More Talks From 35C3
Here are some more cool talks from 35C3 that I watched online after the event. This text is a continuation of my previous post about the last Congress.
Without further ado, here we go.
Compromising online accounts by cracking voicemail systems
Martin started the presentation by talking about tricks for hacking voicemail PINs that he learned from ezine articles written in the 80s. He then checked which ones of those are still practical today. Many telephone operators use default and predictable PINs for voicemail, and many people don't bother to change them. Even if the victim changed their PIN, looking at statistics for most commonly used PINs, you can significantly increase brute-forcing chances.

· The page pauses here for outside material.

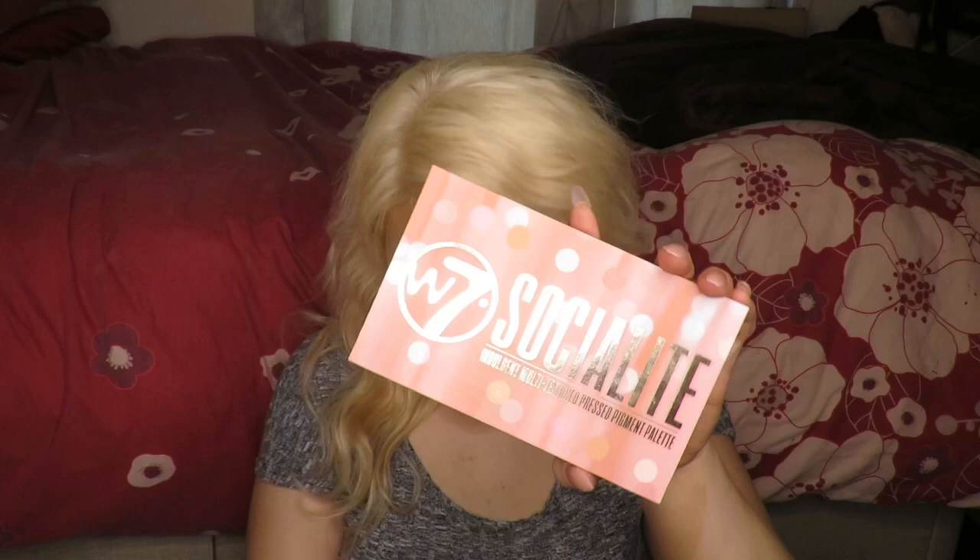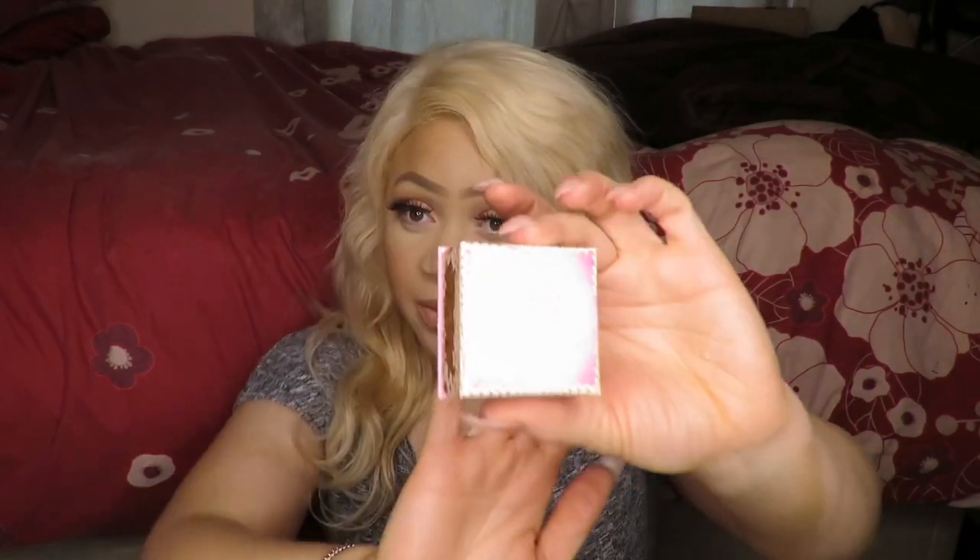Hey guys, welcome back to my channel. I hope everyone is doing well today. Today I have two product reviews for you guys - the W7 Select palette, an eyeshadow palette, and also the Hulula W7 bronzer. So I'm going to be reviewing these two products for you guys.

Then he proceeded to the practical applications. Many services (Paypal, Snapchat) will let you authenticate/reset password based on the code you receive by phone call. If you control the victim's voicemail, you can effectively take over their entire account. Another application would be bypassing two factor authentication (2FA). Martin found that some high profile services were vulnerable (e.g Google).

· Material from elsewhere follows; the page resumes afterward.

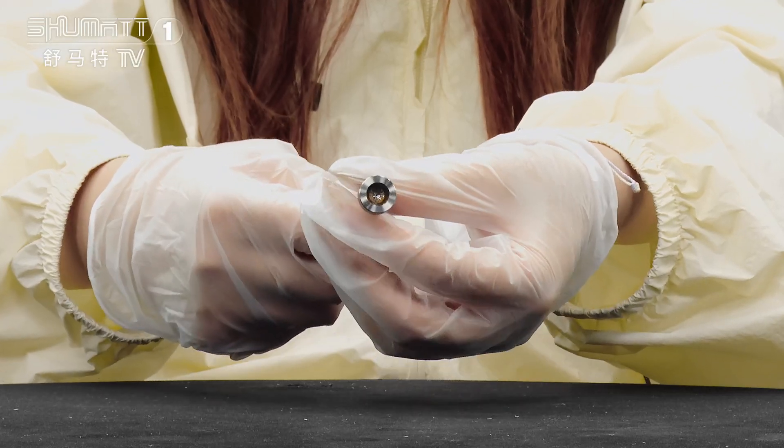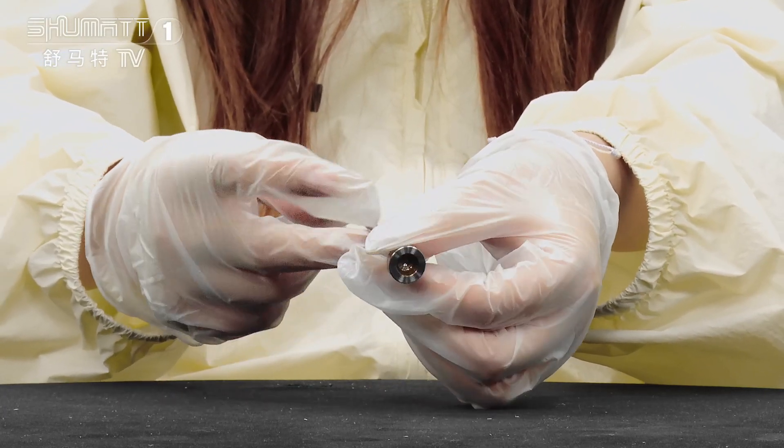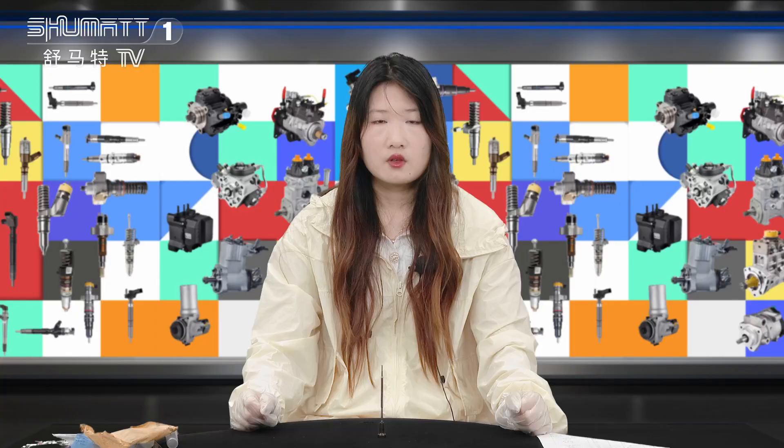If you want to clean this rubber assembly, it would be better to clean it with water, or you don't clean it with water. That's all for your instruction. Thank you. See you next time.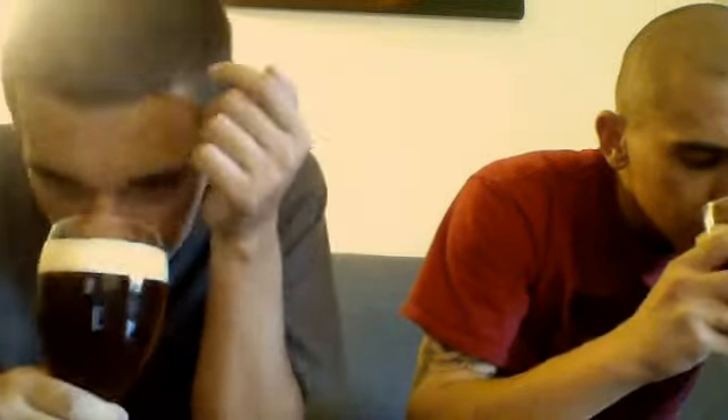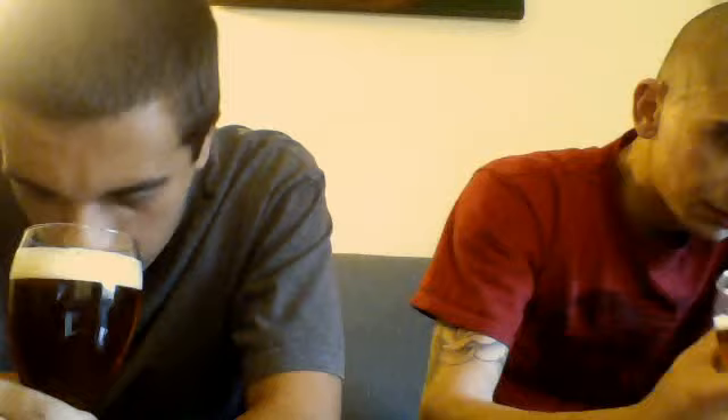Let's smell this. It smells a lot like Ruination. Sweet citrus. I smell grapefruit, like a little bit of pineapple if you will. Tropical fruits. That smells delicious, that smells sweet.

Inside the AMD Microcode ROM
Benjamin and Philipp reverse-engineered the microcode of ARM processors (kind of a firmware for the CPU). Microcode is typically closed-source and is thought of as "secret", "only Intel/AMD knows what it does". These guys also broke the update authentication process and after that they were able to play around with the microcode, change instructions, etc.
As part of the research, they did an implementation of an address sanitizer (tool that checks for invalid memory accesses) as a CPU instruction.
Snakes and Rabbits - How CCC shaped an open hardware success
A Christmas Carol - The Spectres of the Past, Present, and Future
A summary of Spectre/Meltdown-style attacks... As a pastiche of "A Christmas Carol". They even hired a choir. Just see for yourself.
There are so many variants of Spectre/Meltdown that I won't even try to summarize them here. They also described some new attacks I think.
Subtitled: "Or how I learned to stop worrying and love the backdoor". I was expecting a talk about proofs in security in general, but this talk was about cryptographic proofs.
The speakers emphasized carefully defining the security model (sometimes defining the security model is more difficult than the proof itself) and they also stressed that for your security proof you need to assume that certain primitives are secure. There are many real-world primitives that we believe are secure for which no proof exists.